(What to work on): Output the lines from the one containing "Mermaid Mug with" through the last line of the material below, exactly; please do not include pictures.

(Data provided):
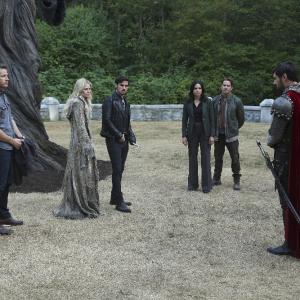 Still of Ginnifer Goodwin, Sean Maguire, Jennifer Morrison, Lana Parrilla, Liam Garrigan, Colin O'Donoghue, Andrew Jenkins and Josh Dallas in Once Upon a Time (2011)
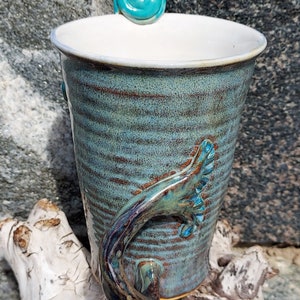 Mermaid Mug with 2 Handles in White and Blues Sculpture image 6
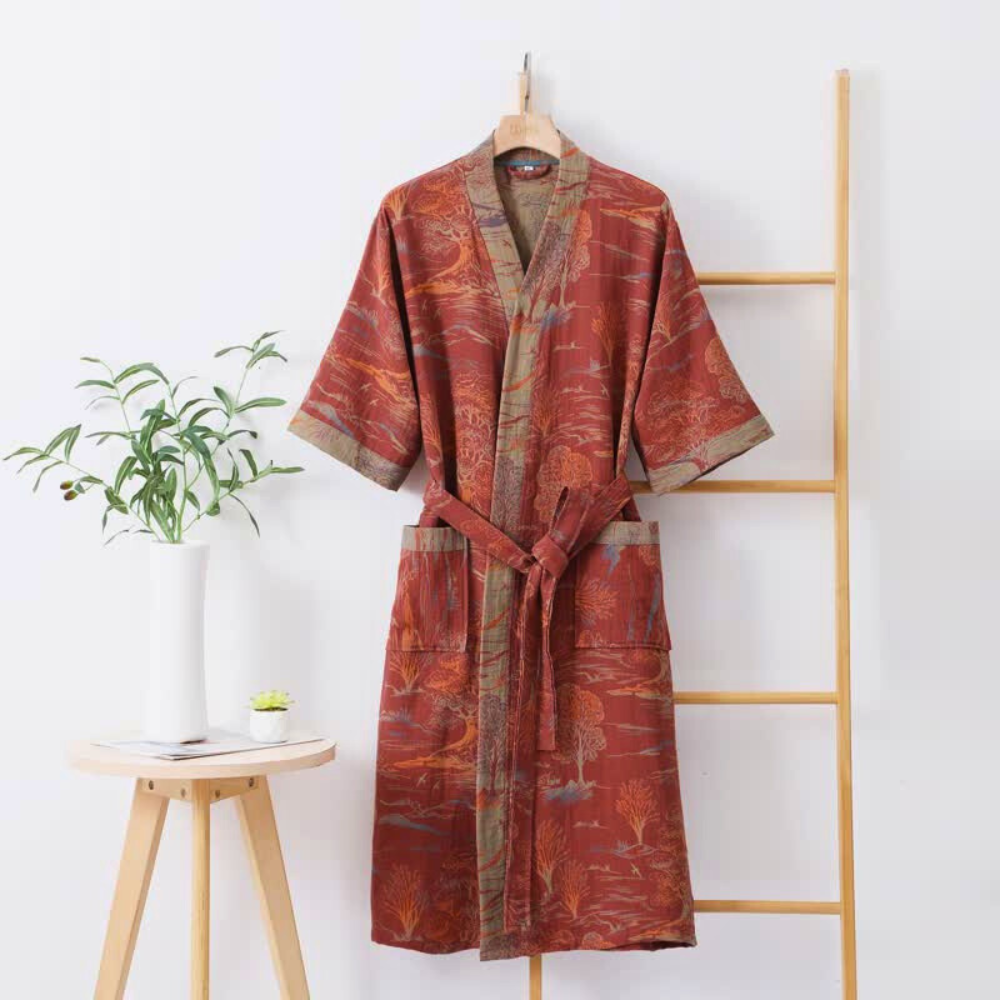 Kimono unisex con stampa giapponese – vestaglia leggera da casa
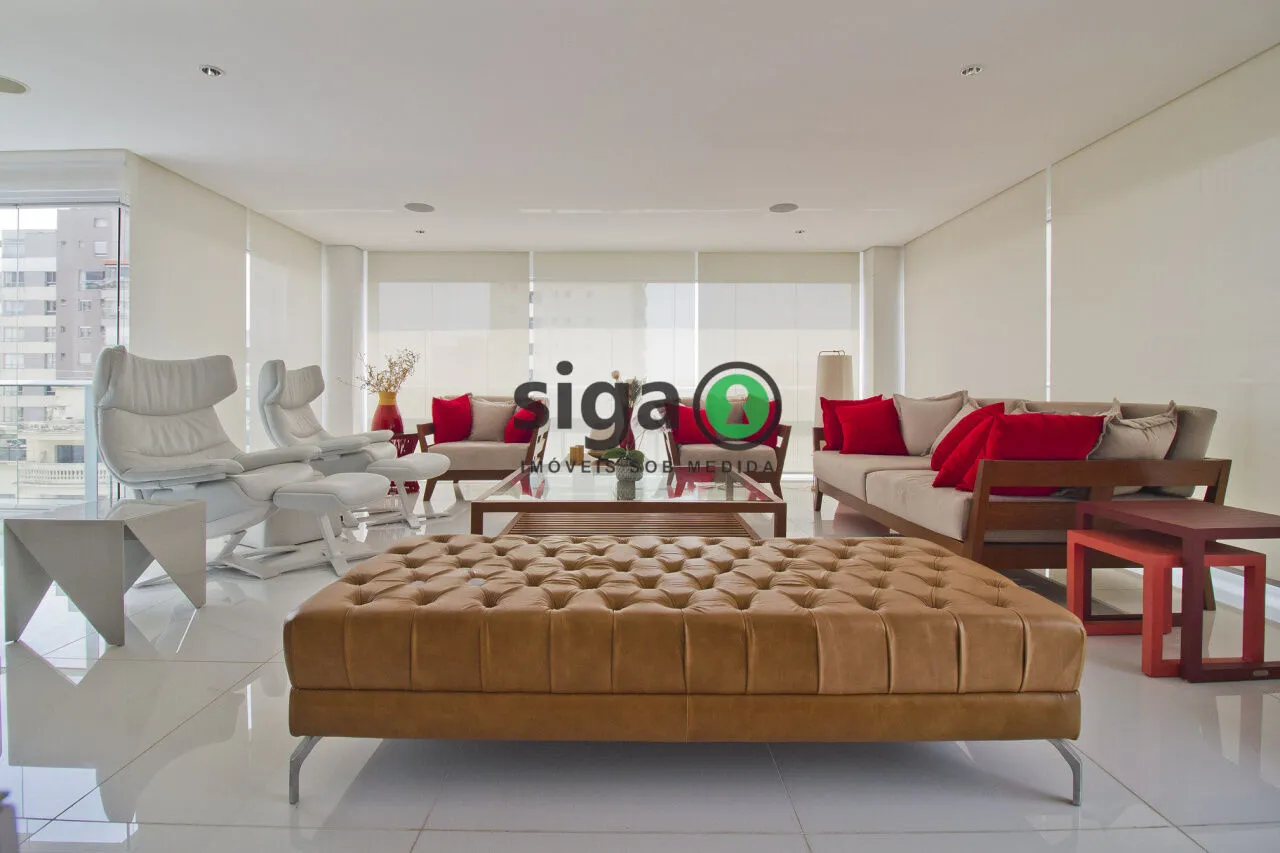 Imagem partamento De Luxo Mobiliado À Venda No Campo Belo | 442 m² | Andar Alto | 4 Suítes | 6 Vagas | Club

(Task output):
 Mermaid Mug with 2 Handles in White and Blues Sculpture image 6
 Kimono unisex con stampa giapponese – vestaglia leggera da casa
 Imagem partamento De Luxo Mobiliado À Venda No Campo Belo | 442 m² | Andar Alto | 4 Suítes | 6 Vagas | Club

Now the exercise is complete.